Many elements come together to create a well-balanced garden. One important element to consider when designing your garden is plant texture. Texture can be hard to define but every plant has its own, identified by the surface pattern, size, and shape of the leaves or flowers. The broad spectrum of texture spans from bold and architectural plants to wispy and fine. Most plants fall somewhere in the middle, but excitement comes from pairing contrasts in the garden.
To strike a good texture balance, begin by choosing your bold and bulky plants first. These will take up the most space and dictate how much sunlight passes through the leaves into the garden. Position them strategically so that they are evenly spaced and will not compete with each other once they reach maturity.
Choose a few architectural plants — these have a strong form and create an upward feeling of movement. Specimens of phormium, cordyline, Rheum palmatum, and even Agave are ideal. Their tall strap-like leaves provide vertical structure and perfect backing to more rounded or undefined shapes. Statement plants like Yuccas can also naturally serve as focal points in the garden when planted alone.
Spiky flowerheads can also add dramatic texture. Experiment with Echinops, Eryngiums, Cardoon, and thistle to achieve this effect.
Drama need not always be spiky. Plenty of bold plants, on the contrary, have broad statement leaves. Consider the glossy veined foliage of Hostas or the hairy coarseness of Gunnera, which does so well planted by water features and streams. Other striking broadleaf varieties include Ligularia, Darmera, Petasites, Colocasia and Magnolia.
Too much of one texture can be unpleasant to the eye. To create a balanced garden, opt to plant a few fine-textured plants for every bold-textured one. A mix of one-third bold to two-thirds fine texture serves as a rough guide.
When it comes to choosing fine-textured plants, the possibilities are vast. Consider Threadleaf coreopsis with its delicate feathery look. It looks most effective against a plain wall or next to plants with bold leathery foliage. Similarly, Cosmos, Baby’s breath, Amsonia, and Boltonia make fine specimens. Too much wispy foliage, however, can look fuzzy from a distance and doesn’t provide much structure when planted without the foil of bigger bolder plants.
Plants with feathery flower heads will also look fantastic planted against dense bold leaves. Consider Perovskia, Astilbe, Yarrow, Aruncus, and Santolina.
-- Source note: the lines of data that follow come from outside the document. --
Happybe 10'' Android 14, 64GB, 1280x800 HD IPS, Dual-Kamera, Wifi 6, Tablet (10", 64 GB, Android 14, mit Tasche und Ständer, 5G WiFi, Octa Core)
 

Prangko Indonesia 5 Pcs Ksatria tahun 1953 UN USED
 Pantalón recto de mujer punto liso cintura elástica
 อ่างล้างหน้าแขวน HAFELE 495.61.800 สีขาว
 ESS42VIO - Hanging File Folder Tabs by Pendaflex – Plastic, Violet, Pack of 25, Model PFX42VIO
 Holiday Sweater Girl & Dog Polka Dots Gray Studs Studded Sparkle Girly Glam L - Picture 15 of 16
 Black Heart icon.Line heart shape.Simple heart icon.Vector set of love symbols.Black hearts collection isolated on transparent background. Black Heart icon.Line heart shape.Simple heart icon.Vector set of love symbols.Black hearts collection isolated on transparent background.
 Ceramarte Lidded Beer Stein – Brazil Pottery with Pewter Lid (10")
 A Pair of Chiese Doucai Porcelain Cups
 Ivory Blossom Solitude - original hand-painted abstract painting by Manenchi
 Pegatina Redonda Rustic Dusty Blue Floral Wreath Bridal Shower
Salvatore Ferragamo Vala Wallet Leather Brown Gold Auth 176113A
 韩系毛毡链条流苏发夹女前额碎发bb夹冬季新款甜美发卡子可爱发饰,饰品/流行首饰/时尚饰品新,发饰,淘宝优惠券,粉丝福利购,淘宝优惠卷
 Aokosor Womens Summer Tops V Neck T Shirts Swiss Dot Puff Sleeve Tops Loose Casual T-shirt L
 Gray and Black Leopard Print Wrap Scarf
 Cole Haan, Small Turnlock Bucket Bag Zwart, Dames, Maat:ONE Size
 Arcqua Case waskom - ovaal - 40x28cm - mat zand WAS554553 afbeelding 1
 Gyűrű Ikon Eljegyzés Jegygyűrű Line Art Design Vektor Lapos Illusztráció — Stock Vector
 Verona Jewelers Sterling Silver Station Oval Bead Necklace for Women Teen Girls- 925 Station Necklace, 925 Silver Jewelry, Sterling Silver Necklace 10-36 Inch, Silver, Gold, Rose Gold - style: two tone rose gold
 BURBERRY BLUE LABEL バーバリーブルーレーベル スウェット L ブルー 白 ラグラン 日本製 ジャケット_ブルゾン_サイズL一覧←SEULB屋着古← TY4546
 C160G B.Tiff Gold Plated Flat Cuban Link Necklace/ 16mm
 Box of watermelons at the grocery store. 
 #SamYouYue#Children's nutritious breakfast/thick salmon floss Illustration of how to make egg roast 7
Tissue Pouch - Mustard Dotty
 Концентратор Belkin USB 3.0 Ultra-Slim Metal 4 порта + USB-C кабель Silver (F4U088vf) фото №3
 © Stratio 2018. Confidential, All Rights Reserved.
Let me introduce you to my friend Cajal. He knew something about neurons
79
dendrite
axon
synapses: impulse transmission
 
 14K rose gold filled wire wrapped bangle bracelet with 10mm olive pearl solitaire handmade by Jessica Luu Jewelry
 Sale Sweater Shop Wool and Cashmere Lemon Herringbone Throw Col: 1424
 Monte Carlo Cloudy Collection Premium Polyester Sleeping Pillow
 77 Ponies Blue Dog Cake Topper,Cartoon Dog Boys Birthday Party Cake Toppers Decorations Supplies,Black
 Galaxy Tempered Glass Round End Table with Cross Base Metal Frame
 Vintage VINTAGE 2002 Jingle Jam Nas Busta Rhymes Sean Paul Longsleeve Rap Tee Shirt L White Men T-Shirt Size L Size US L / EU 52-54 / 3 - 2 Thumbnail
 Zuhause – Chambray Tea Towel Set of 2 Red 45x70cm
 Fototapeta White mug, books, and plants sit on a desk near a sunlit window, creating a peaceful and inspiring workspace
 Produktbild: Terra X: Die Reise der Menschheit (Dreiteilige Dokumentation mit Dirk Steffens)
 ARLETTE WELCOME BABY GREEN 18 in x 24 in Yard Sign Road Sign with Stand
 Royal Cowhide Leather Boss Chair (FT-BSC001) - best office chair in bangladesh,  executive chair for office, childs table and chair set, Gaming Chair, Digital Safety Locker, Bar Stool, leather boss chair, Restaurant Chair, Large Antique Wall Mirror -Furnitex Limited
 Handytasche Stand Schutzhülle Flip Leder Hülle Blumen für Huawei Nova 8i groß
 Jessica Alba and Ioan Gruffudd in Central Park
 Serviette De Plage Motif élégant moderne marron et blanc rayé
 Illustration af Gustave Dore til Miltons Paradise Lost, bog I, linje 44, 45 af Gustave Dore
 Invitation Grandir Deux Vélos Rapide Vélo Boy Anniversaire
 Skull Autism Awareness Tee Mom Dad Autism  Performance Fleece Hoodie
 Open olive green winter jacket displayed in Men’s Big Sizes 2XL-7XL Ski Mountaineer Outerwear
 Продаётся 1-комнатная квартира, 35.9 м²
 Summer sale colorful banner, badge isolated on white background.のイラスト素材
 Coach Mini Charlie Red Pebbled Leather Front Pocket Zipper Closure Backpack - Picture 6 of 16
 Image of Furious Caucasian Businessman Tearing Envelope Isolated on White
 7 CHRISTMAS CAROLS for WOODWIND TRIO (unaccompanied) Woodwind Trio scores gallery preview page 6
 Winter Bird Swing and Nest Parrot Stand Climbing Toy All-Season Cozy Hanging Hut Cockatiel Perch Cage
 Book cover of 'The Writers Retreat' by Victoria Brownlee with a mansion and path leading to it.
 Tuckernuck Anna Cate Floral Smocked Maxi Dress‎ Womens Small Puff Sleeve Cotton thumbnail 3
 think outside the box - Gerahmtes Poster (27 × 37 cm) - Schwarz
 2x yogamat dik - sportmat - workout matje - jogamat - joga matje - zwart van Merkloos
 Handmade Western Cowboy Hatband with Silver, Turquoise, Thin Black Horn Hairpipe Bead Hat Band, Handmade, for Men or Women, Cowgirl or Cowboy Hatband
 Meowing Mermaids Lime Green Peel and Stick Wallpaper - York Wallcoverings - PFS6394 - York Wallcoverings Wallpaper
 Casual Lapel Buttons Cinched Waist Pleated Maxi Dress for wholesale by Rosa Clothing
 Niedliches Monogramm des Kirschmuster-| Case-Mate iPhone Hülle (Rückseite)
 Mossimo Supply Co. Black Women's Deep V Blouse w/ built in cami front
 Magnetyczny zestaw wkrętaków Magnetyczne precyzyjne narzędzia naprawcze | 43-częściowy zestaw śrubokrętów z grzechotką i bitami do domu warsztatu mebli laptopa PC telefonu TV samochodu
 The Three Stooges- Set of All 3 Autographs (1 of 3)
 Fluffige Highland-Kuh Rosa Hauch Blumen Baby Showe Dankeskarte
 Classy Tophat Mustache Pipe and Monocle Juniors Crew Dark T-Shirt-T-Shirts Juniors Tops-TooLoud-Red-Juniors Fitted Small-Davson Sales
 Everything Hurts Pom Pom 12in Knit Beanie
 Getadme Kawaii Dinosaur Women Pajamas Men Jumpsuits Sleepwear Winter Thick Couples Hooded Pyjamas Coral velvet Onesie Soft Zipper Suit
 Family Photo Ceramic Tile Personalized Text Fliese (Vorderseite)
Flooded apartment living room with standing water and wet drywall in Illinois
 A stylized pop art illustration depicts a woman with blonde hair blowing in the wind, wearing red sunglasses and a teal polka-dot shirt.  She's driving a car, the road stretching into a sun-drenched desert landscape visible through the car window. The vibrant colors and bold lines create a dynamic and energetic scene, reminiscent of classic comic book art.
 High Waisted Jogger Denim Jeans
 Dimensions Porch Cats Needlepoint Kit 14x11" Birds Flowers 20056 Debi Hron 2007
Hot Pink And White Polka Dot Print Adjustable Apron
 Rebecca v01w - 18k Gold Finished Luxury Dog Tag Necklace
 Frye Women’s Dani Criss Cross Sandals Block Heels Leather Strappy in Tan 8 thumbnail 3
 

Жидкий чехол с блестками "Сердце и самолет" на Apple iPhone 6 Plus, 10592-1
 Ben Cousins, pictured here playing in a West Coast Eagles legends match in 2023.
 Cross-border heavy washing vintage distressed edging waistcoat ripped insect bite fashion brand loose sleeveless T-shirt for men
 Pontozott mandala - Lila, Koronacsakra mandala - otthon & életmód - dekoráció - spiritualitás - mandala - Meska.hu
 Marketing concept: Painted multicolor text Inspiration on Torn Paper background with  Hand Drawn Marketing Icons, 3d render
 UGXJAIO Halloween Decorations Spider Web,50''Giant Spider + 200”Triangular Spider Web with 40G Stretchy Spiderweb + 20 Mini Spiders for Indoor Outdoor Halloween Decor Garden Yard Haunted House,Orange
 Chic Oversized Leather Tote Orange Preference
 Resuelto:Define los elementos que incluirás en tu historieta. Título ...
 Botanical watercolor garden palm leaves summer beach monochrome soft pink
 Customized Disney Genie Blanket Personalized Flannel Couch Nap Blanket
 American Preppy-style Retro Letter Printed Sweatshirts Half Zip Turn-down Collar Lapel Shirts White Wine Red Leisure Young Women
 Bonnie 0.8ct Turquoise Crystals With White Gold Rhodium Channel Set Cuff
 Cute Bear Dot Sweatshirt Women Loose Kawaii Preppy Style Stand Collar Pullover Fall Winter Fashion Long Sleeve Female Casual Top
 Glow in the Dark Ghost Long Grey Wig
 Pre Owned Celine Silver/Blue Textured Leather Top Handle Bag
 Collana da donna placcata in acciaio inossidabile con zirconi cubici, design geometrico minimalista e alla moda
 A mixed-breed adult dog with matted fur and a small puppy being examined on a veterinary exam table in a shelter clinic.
Soft and feathery silver foliage looks stunning grown against flat, dark green leaves. The broad leaves will provide structure to plants like Lamb’s ear, Artemisia, lavender, sage and curry plant.
You can also offset wispy foliage and flowers by pairing them with round and clipped plants, such as box balls or bay tree standards.
After positioning your bold and fine-textured plants, round off the garden by adding art and objects like stones. A smooth stone can provide an intriguing contrast to a tall architectural plant.
We have looked at various ways of adding texture to the garden. It is important to remember that ultimately the interplay of all the plants will dictate the final garden feel, and dynamism comes from pairing contrasts.
It takes time and skill to use texture in a way that interests and pleases the eye. The aim is to create a balanced look. We are truly creating a living 3D sculpture.